Que competências serão esperadas desses profissionais?

Cada vez mais, a interdisciplinaridade está despontando. Não haverá mais espaço para aquele profissional que apresenta conhecimento específico. Usando a Indústria 4.0, por exemplo, os profissionais precisam saber de automação, TI, produção, robótica, simulação. Ou você entende tudo ou corre o risco de não saber usar a tecnologia de maneira mais eficiente. Toda essa tecnologia vai exigir profissionais proativos, inovadores e rápidos na solução de problemas.

Quais serão os desafios da Indústria 4.0, sobretudo em termos de ética e segurança?

Em minhas pesquisas, destaco este como um dos pontos mais relevantes na utilização das diferentes tecnologias. Em um futuro próximo, falando da manufatura aditiva, por exemplo, podemos chegar ao ponto de não vendermos mais os produtos físicos, e sim projetos. Esses projetos são disponibilizados na nuvem e impressos no cliente final para consumo. Aí surgem os problemas: como garantir que será impressa apenas a quantidade contratada? Como garantir a propriedade dos projetos? Há uma série de evoluções tecnológicas que podem afetar os modelos de negócio futuros e que precisam ser embasadas por questões de segurança da informação. Trabalhos neste campo são muito bem-vindos.

“Os investimentos no Brasil ainda estão engatinhando. Precisamos começar pela infraestrutura: garantir redes estáveis de energia elétrica, velocidade e estabilidade de internet e, principalmente, programas de investimento.”

Douglas Rafael Veit, pesquisador

A fábrica inteligente terá algum impacto em universidades e parques tecnológicos? Se sim, qual?

Vai impactar, sim! Acredito que principalmente nos currículos e na pesquisa. Precisamos adaptar os currículos de cursos afins para que essas tecnologias e seus impactos sejam repassados aos alunos. Precisamos formar profissionais completos para que, quando eles chegarem às organizações, possam saber utilizar a tecnologia para gerar resultados. No que tange à pesquisa, o campo é vasto. Uma série de aplicações e estudos pode ser conduzida para que todas essas tecnologias sejam “entendidas”, para identificar seus impactos e o que pode ser gerado a partir deles.

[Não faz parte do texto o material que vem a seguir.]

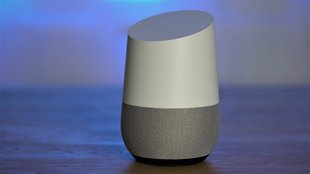 Google Home dick im Geschäft: Smart-Lautsprecher verschickt Geld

No processo para chegar à fábrica inteligente, onde está o Brasil?

Os investimentos no Brasil ainda estão engatinhando. Precisamos começar pela infraestrutura: garantir redes estáveis de energia elétrica, velocidade e estabilidade de internet e, principalmente, programas de investimento. Equipamentos para o nosso país, infelizmente, são caros. Diferente de países desenvolvidos, nossas taxas de juros para financiamentos estão entre as mais caras. Vejo empresas (principalmente as multinacionais com sede no Brasil) começando a usar algumas das tecnologias, mas de maneira isolada e tímida. É um primeiro passo, mas precisamos aumentar essa velocidade para não perder competitividade no mercado.

Como o Brasil pode se inspirar na Coreia para implantar a fábrica inteligente?

Precisamos sair da inércia. Perder o medo. As discussões referentes à redução de postos de trabalho, por exemplo, são de extrema importância, mas esta é uma situação que vai ocorrer, com ou sem a utilização da tecnologia. Explico: por um lado, se implantarmos as tecnologias da indústria 4.0, haverá uma natural redução de postos de trabalho operacionais, mas surgirão outros empregos de maior valor agregado relacionados às áreas mais tecnológicas. Por outro lado, e mais perigoso, se não implantarmos as tecnologias que estão emergindo, perderemos competitividade, a demanda será reduzida e, por consequência, o desemprego vai aparecer. Considero esta situação mais perigosa, pois, quando nos dermos conta, teremos que buscar a tecnologia, negligenciada no início, nos adaptarmos, reconquistar mercado e retomar o crescimento, o que pode não ser viável em um curto espaço de tempo.